If so, some cable-ad executives hope the Giuliani camp-which so far has used cable sparingly, if at all, in upstate New York-will include them in its upcoming media mix.

"Cable has made improvements in our infrastructure to make it easier for you to place your candidate's message on cable programming," Kevin Barry, CAB vice president of local sales and marketing, told the political strategists.

Spelling out the details, Greater Washington Cable Interconnect general sales manager Pam Baratta said technical advances have made cable more attractive to candidates and other advertisers.

Both her interconnect and AdNex Detroit, the Motown interconnect also managed by NCC, are fiber-optic operations that offer clients 24-hour turnaround time for spots, versus two to three days on most other interconnects. The former Chicago Cable Interconnect, whose management shifted from NCC to AT & T Media Services in January, also employs fiber optics.
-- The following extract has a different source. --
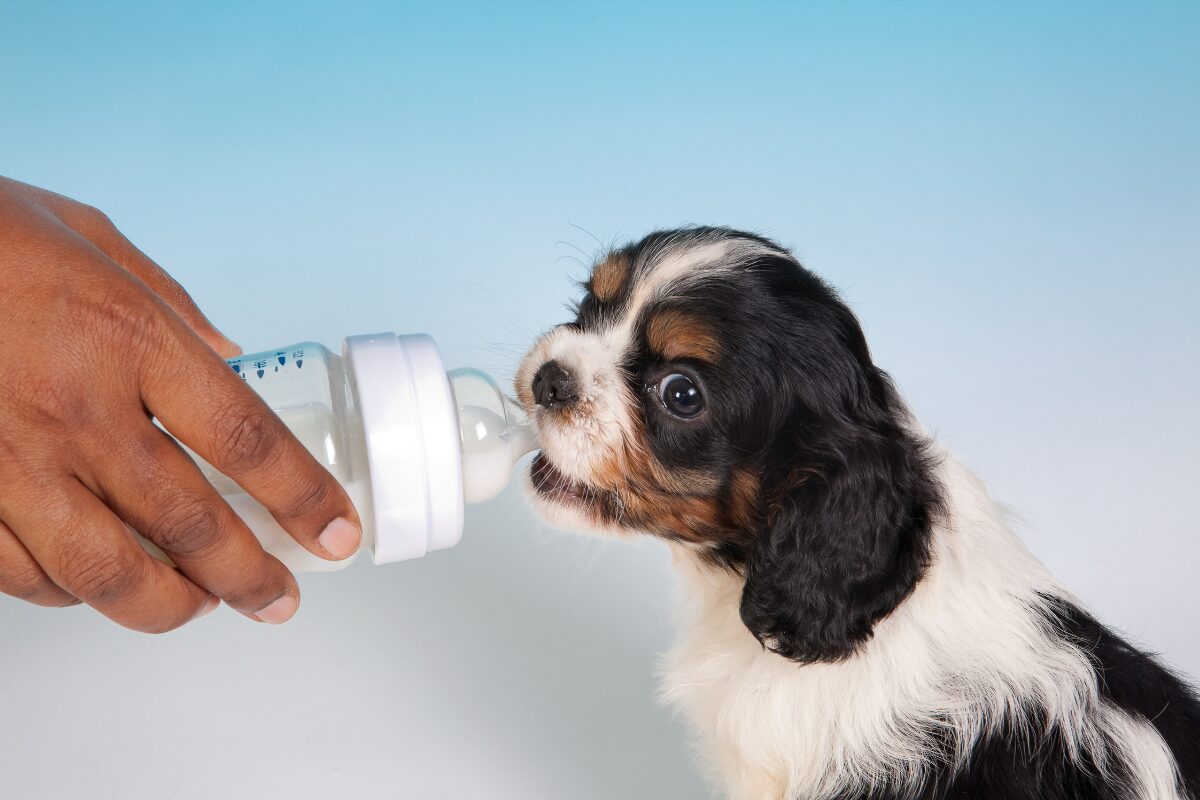lait pour chiot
Under the market consolidation possible with interconnects, she said, "it's really one-stop shopping:" one call, one tape and one invoice. With one signal, the interconnect can also run a spot simultaneously throughout an entire market, she added.

"Enhanced picture quality" is just one of digital technology's benefits, she added.

NCC's implementation of EDI across more than 100 markets means that order entry and reconcilliation is faster, labor costs are reduced and paperwork is eventually eliminated, she added.

Democratic strategist White said he disliked watching one medium bash another. "The greatest thing about cable for us is the targeting," he said. However, he also emphasized, "Broadcast still works."

CAB research vice president Jonathan Sims told the conference audience of political strategists about some positive cable ratings trends.

He concluded on a diplomatic note: "Obviously, broadcast and cable are sharing the same television medium and it seems clear [from CAB's recall research so far] they are both very effective."

Citing Nielsen Media Research's homes-using-television data and adults 18-plus data in primetime for the 1999 final quarter through the 2000 first quarter, Sims said rising Internet-usage levels don't seem to be hurting overall TV viewership so far.

Since Internet households tend to be more upscale than the average, and thus view less TV, Web habits aren't eroding TV audiences.

Ad-supported network cable ratings are growing and eating away at the TV networks' audiences, he added.

"The [downward] trends are the same" for the Big Three's evening newscasts, he said. Basic-network cable, which isn't limited to one half-hour slot each day, now accounts for 57 percent of all news-program viewership for total day among adults, he said.

Pointing to CAB's recent unaided ad-recall study, released in April, Sims said cable viewers' commercial recall levels are virtually the same as those of broadcast viewers. He also cited other portions of the study, which indicate that basic-cable viewers pay about as much attention to shows as broadcast viewers.

Simmons Market Research Bureau president Howard Shimmel and senior account manager Michael Levine told the political strategists that Simmons' qualitative data can break out those viewers who are likely campaign contributors-and which cable networks they prefer to watch.